*Goal of the exercise*
Going through the material below, output exactly the lines from the one containing "Now we will" through the one containing "All right, so", and no pictures.

*Record extracts*

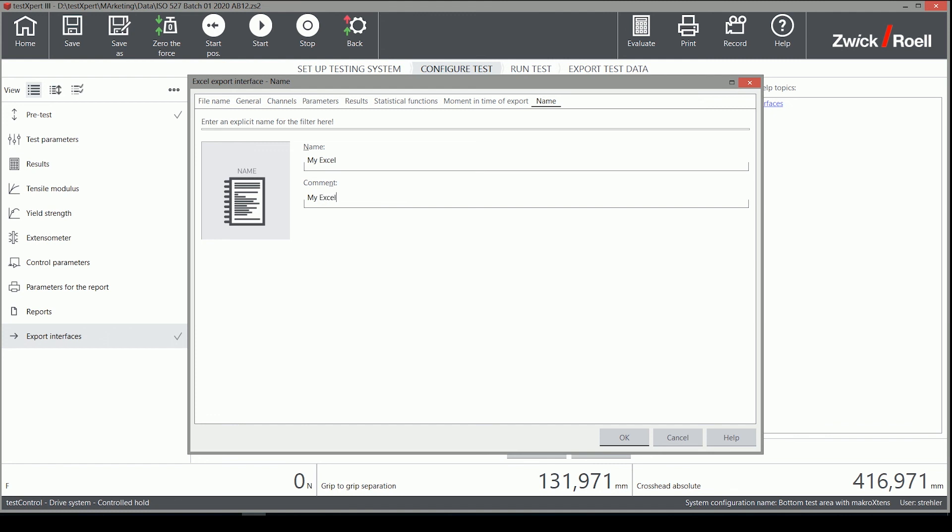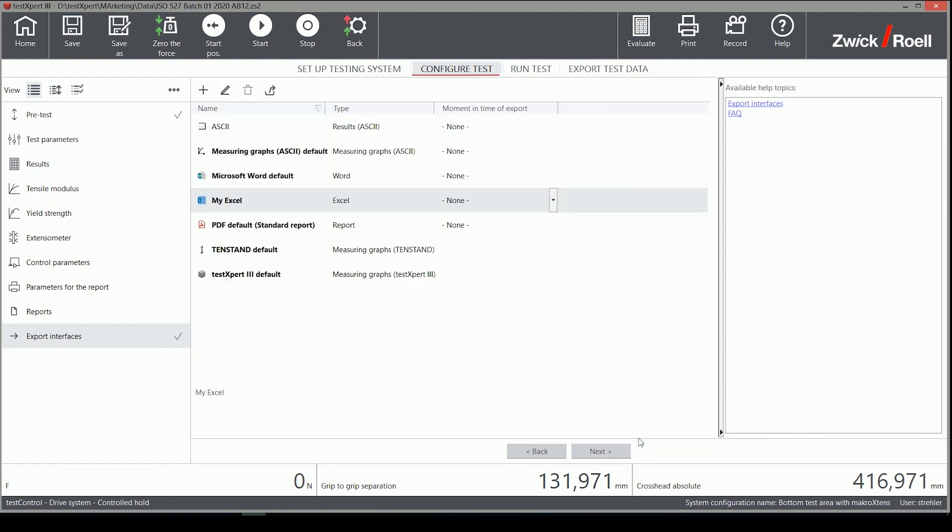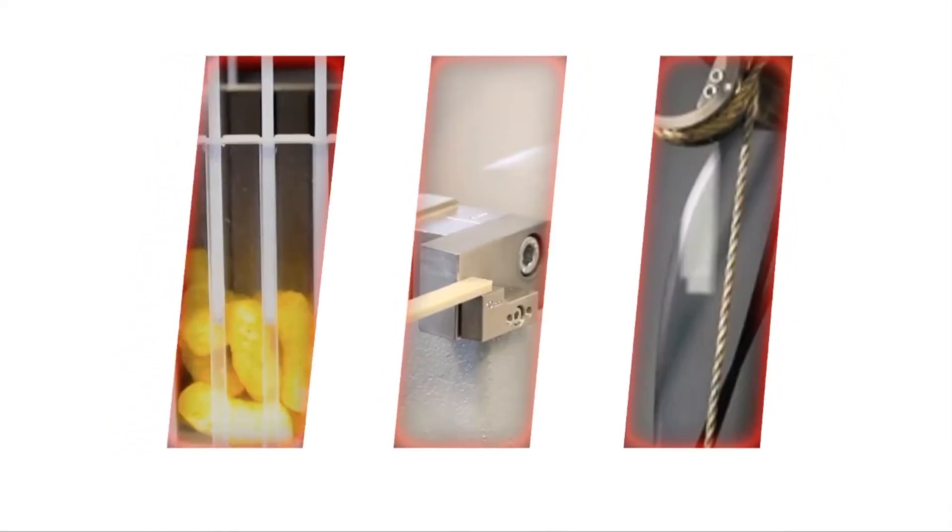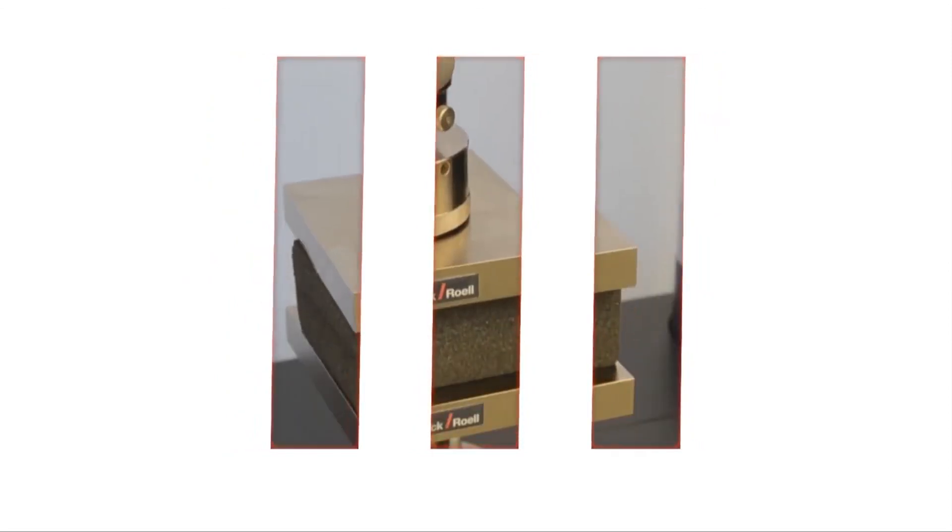As you have seen in this short video, there are many settings for customizing your Excel export. Please feel free and try different settings. I am confident you will be able to set your filters to suit your particular needs. We are happy to report most of our users are already happy with the default settings from Zwick Roell.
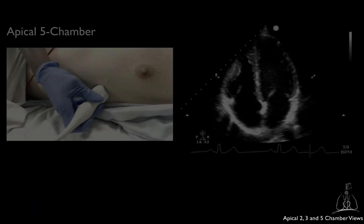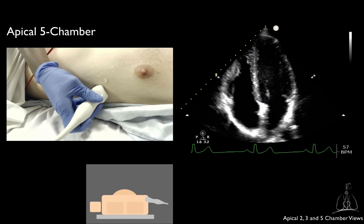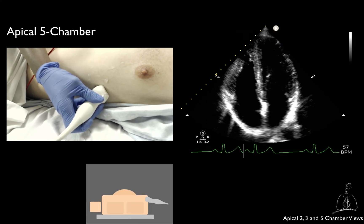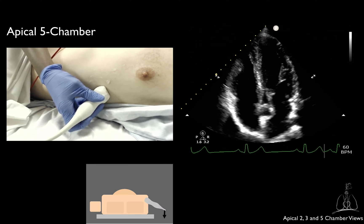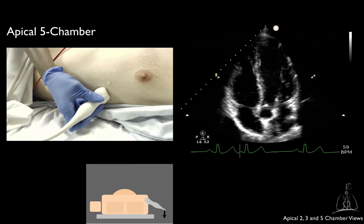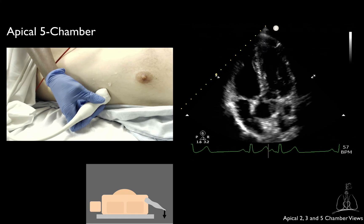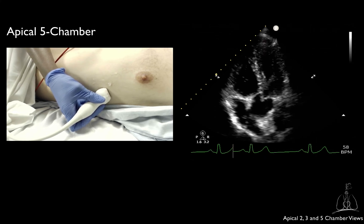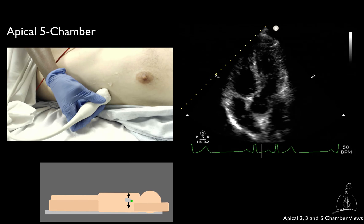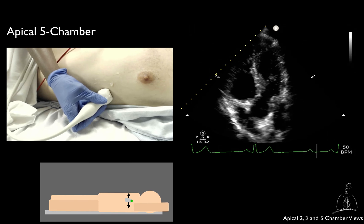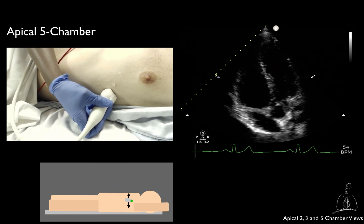To obtain the apical 5 chamber view, start from the apical 4 chamber view and tilt the tail down. To obtain a better alignment for Doppler measurement through the LVOT, you may have to slide laterally or medially.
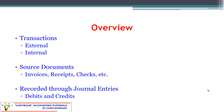When we use the term source documents, we're basically talking about any sort of evidence that a transaction occurred — it is the proof that there was a transaction. It could be an invoice, a receipt, a check, anything like that that shows an amount, a party, a date, a description. It's the source of our accounting information.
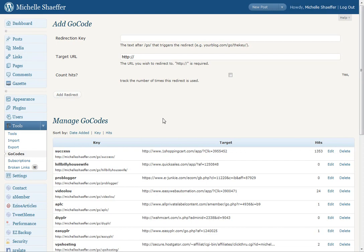So that's a quick tip on an easy way to keep track of your affiliate links and other resources that you want to be able to share with people quickly. Again, the plugin is called Go Codes, and you can install it from right inside your WordPress admin by searching Go Codes.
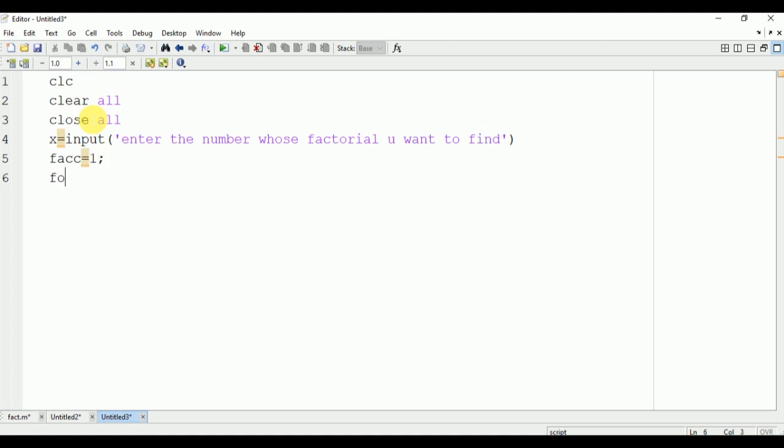Now we will make use of one for loop in order to find the factorial. The for loop will run from n equal to 1 to x. x is the input, so the logic is that we are going to multiply the fact value with n.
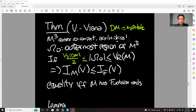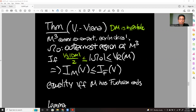Welcome to the third and final part of this lecture. I want to state one of the main results of my joint work with Vienna and give you a sketch of how to use all the previous ideas we have discussed to prove this theorem.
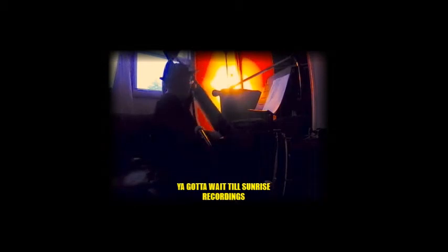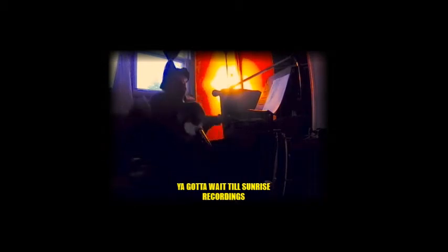All right, so I climbed into my little coven, so I've got to wait till sunrise recordings.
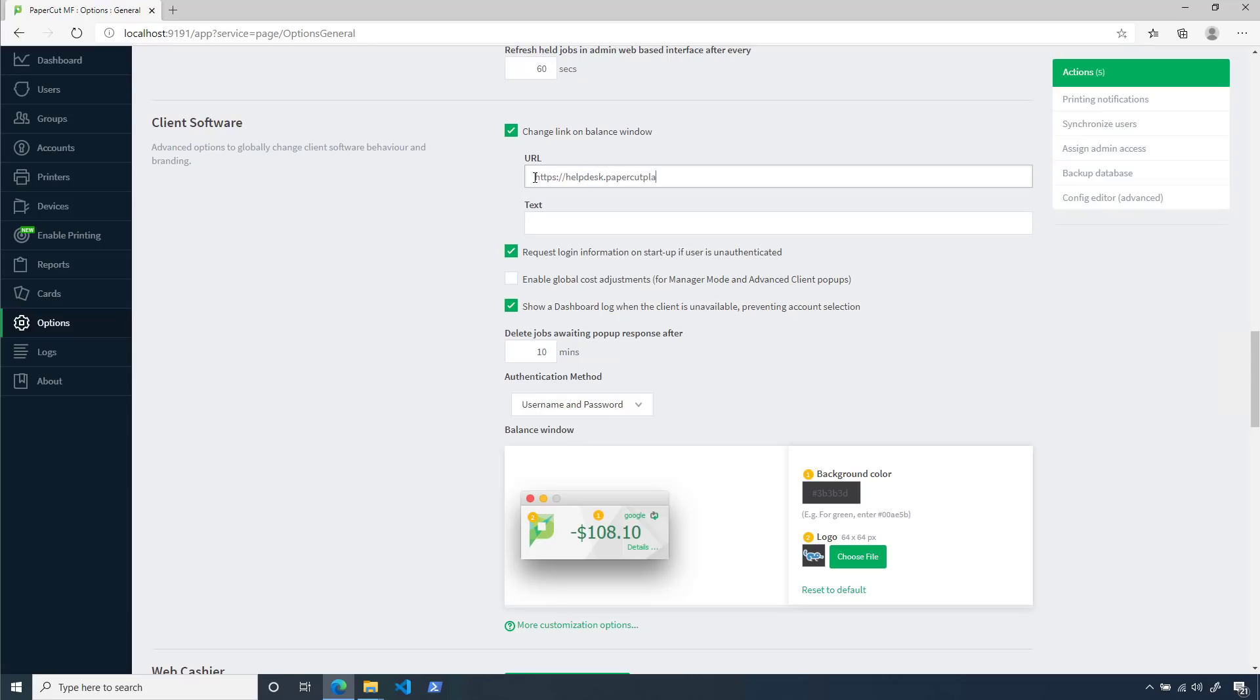One thing you'll want to note is that this requires the full address of the destination, including the protocol. So, be sure to add HTTP or HTTPS to your address if you set this setting.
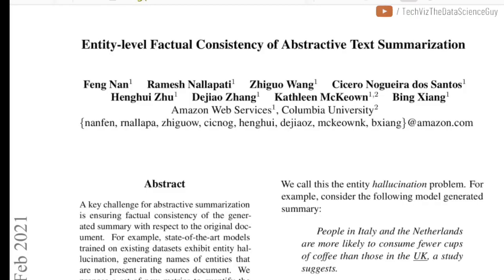Hi everyone, welcome to the new video. Today we'll be talking about this paper which is titled "Entity-Level Factual Consistency of Abstractive Text Summarization". This is from researchers from AWS and Columbia University.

*Reply*
Now we will make use of one for loop in order to find the factorial. The for loop will run from n equal to 1 to x. x is the input, so the logic is that we are going to multiply the fact value with n.
Welcome to the third and final part of this lecture. I want to state one of the main results of my joint work with Vienna and give you a sketch of how to use all the previous ideas we have discussed to prove this theorem.
All right, so I climbed into my little coven, so I've got to wait till sunrise recordings.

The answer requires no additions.